→ How to complete this task
Give a faithful, exact copy of all entries, minus the images.

----------------------------------------

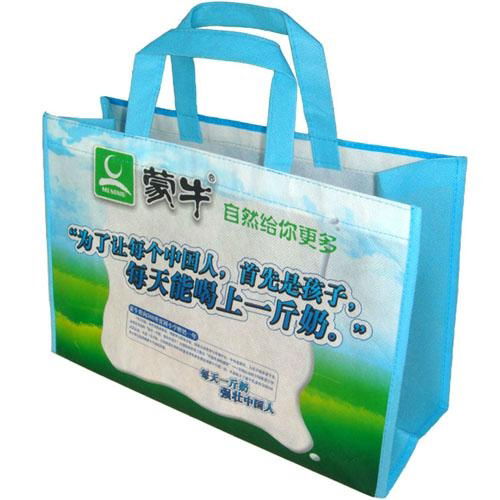 Foldable Eco Shopping Bag 2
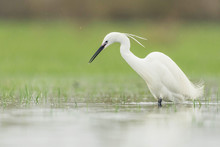 Floating Lookout With Egret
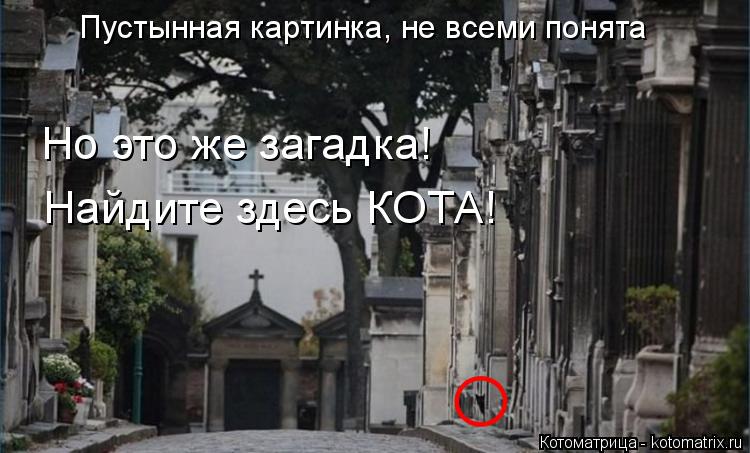 Пустынная картинка, не всеми понята Но это же загадка! Найдите здесь КОТА!... Котоматрица: Пустынная картинка, не всеми понята Но это же загадка! Найдите здесь КОТА!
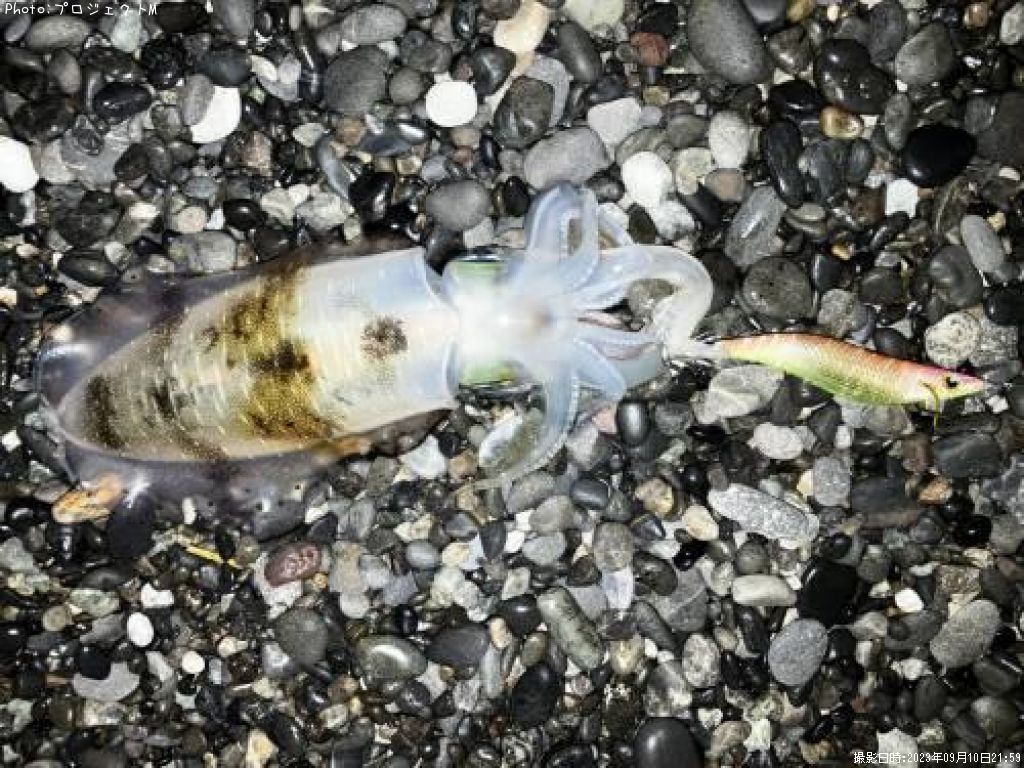 �����ꥤ��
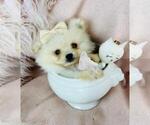 Small Photo #23 Pomeranian Puppy For Sale in PEMBROKE PINES, FL, USA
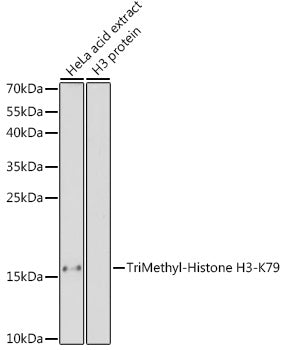 TriMethyl-Histone H3-K79 Rabbit pAb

----------------------------------------

→ Solution
 Foldable Eco Shopping Bag 2
 Floating Lookout With Egret
 Пустынная картинка, не всеми понята Но это же загадка! Найдите здесь КОТА!... Котоматрица: Пустынная картинка, не всеми понята Но это же загадка! Найдите здесь КОТА!
 �����ꥤ��
 Small Photo #23 Pomeranian Puppy For Sale in PEMBROKE PINES, FL, USA
 TriMethyl-Histone H3-K79 Rabbit pAb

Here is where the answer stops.